◆ **EXERCISE OBJECTIVE**
When the listing below reaches the line that has "Letzte Abendmahl Holztafel", start reproducing exactly; stop after the line that has "EXCELLENCE - Excellence", and drop the pictures.

◆ **EXERCISE INPUT**
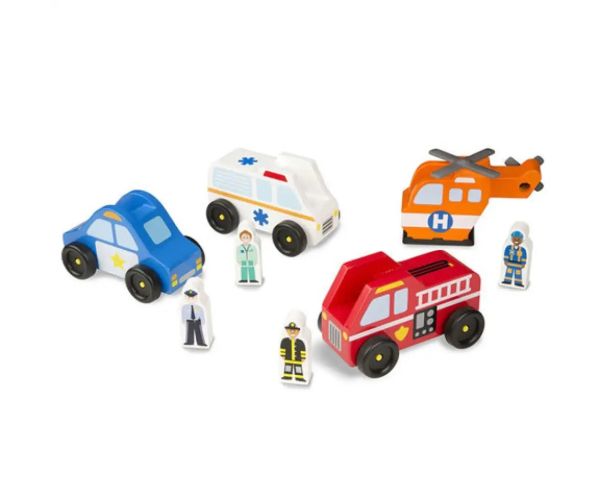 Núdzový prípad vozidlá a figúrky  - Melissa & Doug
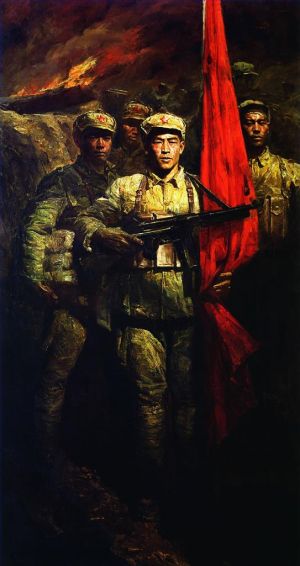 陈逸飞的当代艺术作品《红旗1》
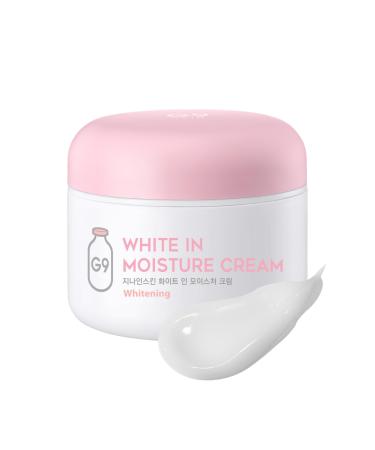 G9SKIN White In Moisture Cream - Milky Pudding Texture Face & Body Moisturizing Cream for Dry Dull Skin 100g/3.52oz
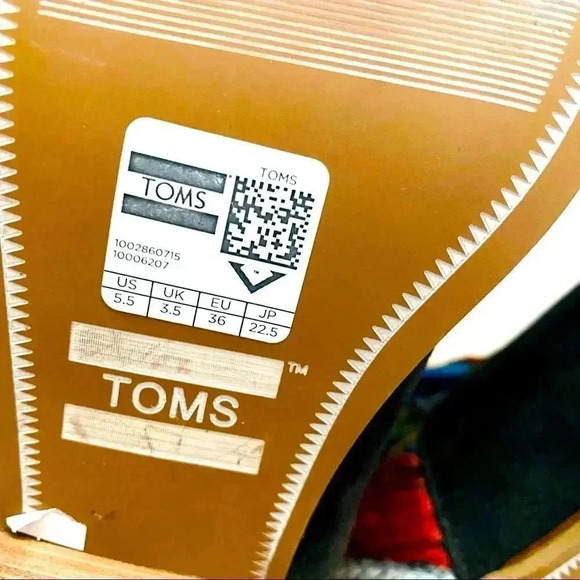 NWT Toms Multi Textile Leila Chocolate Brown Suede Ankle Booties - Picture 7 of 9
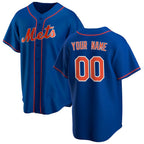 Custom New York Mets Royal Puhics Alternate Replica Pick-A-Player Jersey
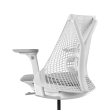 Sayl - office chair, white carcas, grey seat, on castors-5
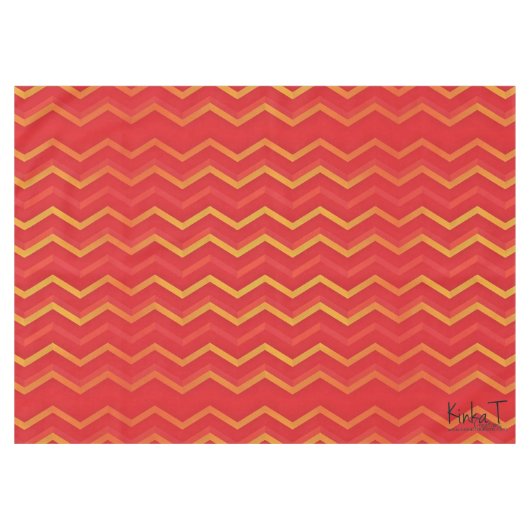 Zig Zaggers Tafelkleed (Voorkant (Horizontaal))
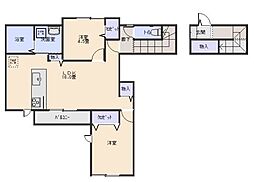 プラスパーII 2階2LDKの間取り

==

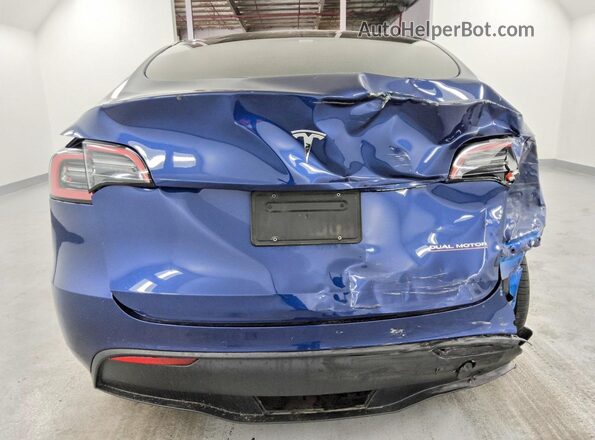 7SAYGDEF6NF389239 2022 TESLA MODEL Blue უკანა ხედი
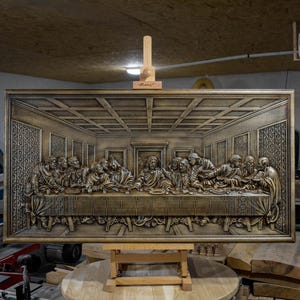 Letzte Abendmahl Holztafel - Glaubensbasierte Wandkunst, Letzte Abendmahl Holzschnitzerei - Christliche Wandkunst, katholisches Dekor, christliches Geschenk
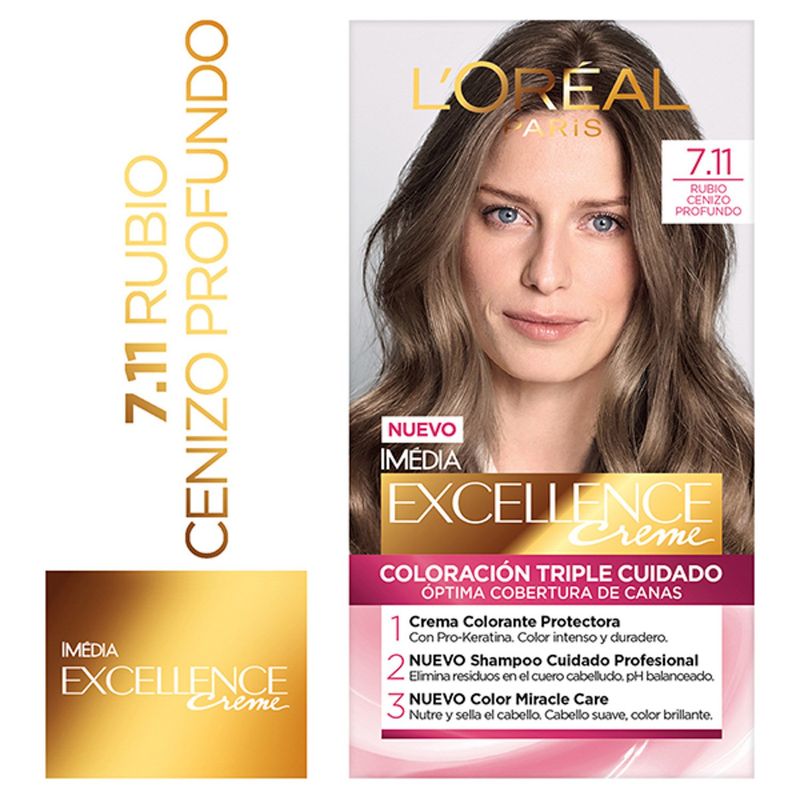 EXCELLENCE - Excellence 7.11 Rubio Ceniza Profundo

◆ **RESPONSE BELOW**
 Letzte Abendmahl Holztafel - Glaubensbasierte Wandkunst, Letzte Abendmahl Holzschnitzerei - Christliche Wandkunst, katholisches Dekor, christliches Geschenk
 EXCELLENCE - Excellence 7.11 Rubio Ceniza Profundo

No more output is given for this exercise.